▶ WHAT YOU SHOULD DO:
Type out the data exactly as given. Skip any image.

[Web page caption snippets]

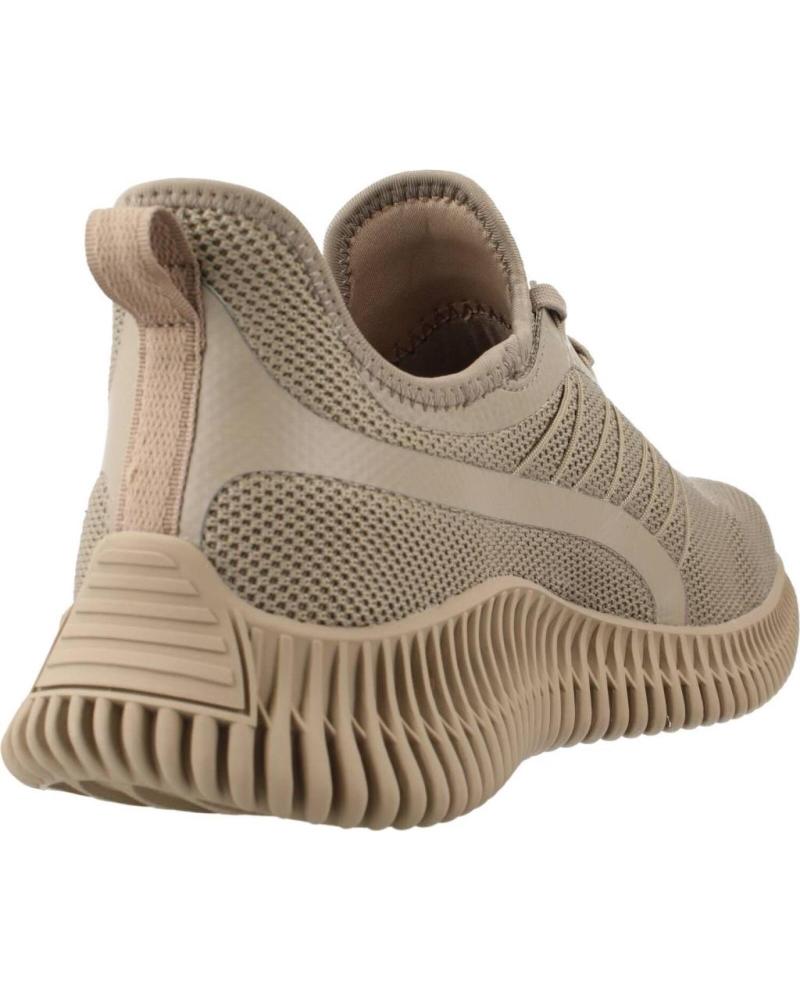 Skechers bobs hombre beige deals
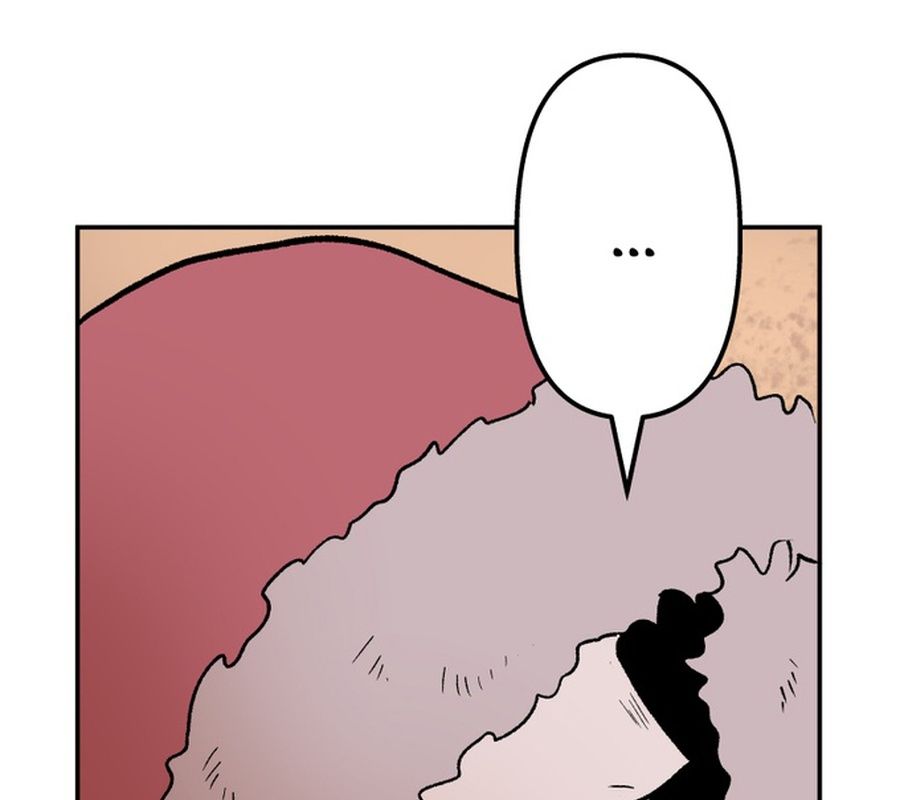 Morgana and Oz Chapter 2 - Trang 21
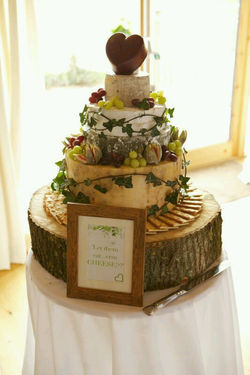 elle fromages cake,,,.jpg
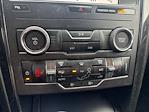 2018 Ford Explorer 4WD SUV for sale #50612A - photo 23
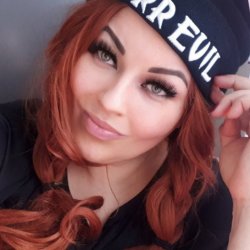 Inna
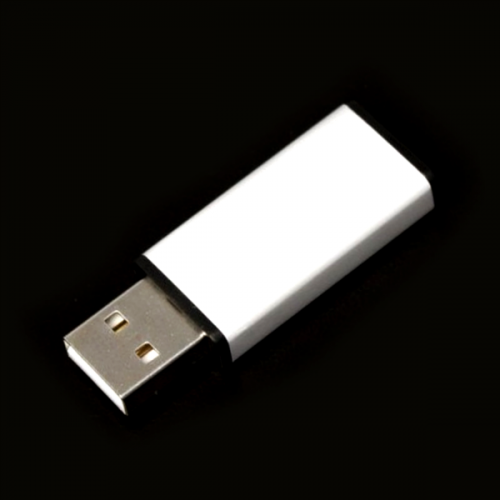 USB mini MN10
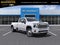2025 Chevrolet Silverado 3500 HD High Country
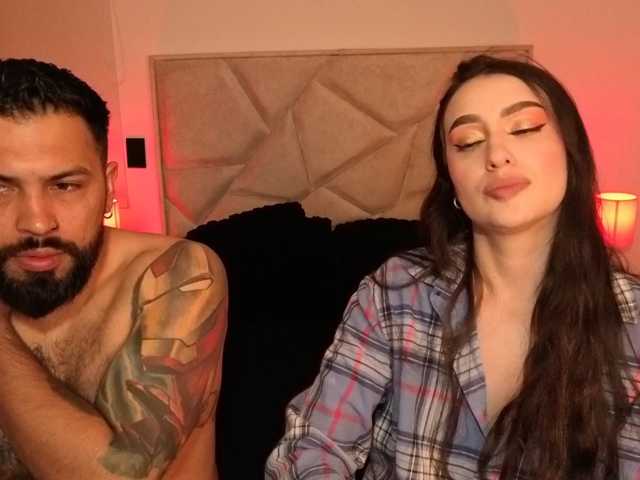 SweetSin-Couple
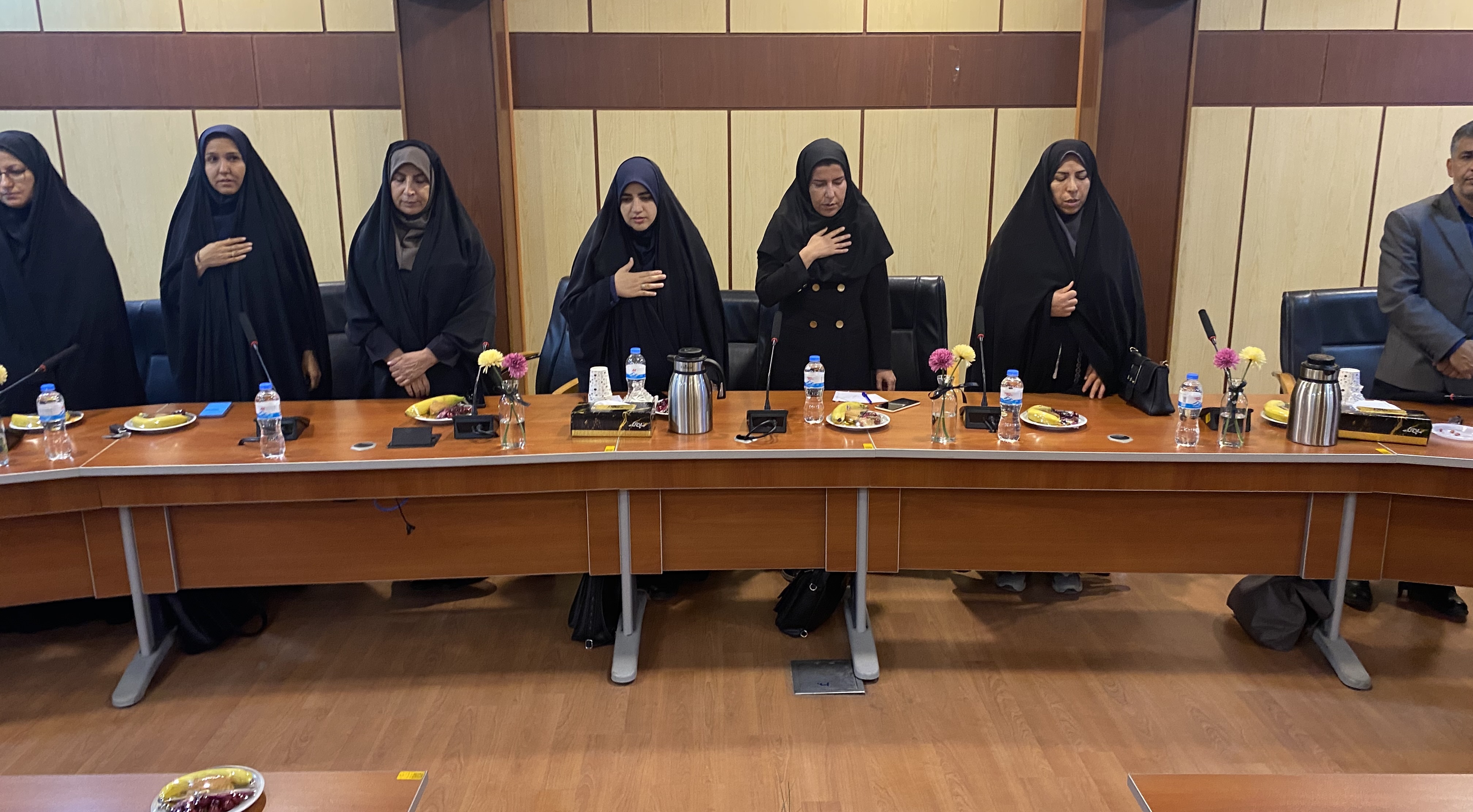 گالری اخبار تستی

▶ RESPONSE TO THIS TASK:
 Skechers bobs hombre beige deals
 Morgana and Oz Chapter 2 - Trang 21
 elle fromages cake,,,.jpg
 2018 Ford Explorer 4WD SUV for sale #50612A - photo 23
 Inna
 USB mini MN10
2025 Chevrolet Silverado 3500 HD High Country
 SweetSin-Couple
 گالری اخبار تستی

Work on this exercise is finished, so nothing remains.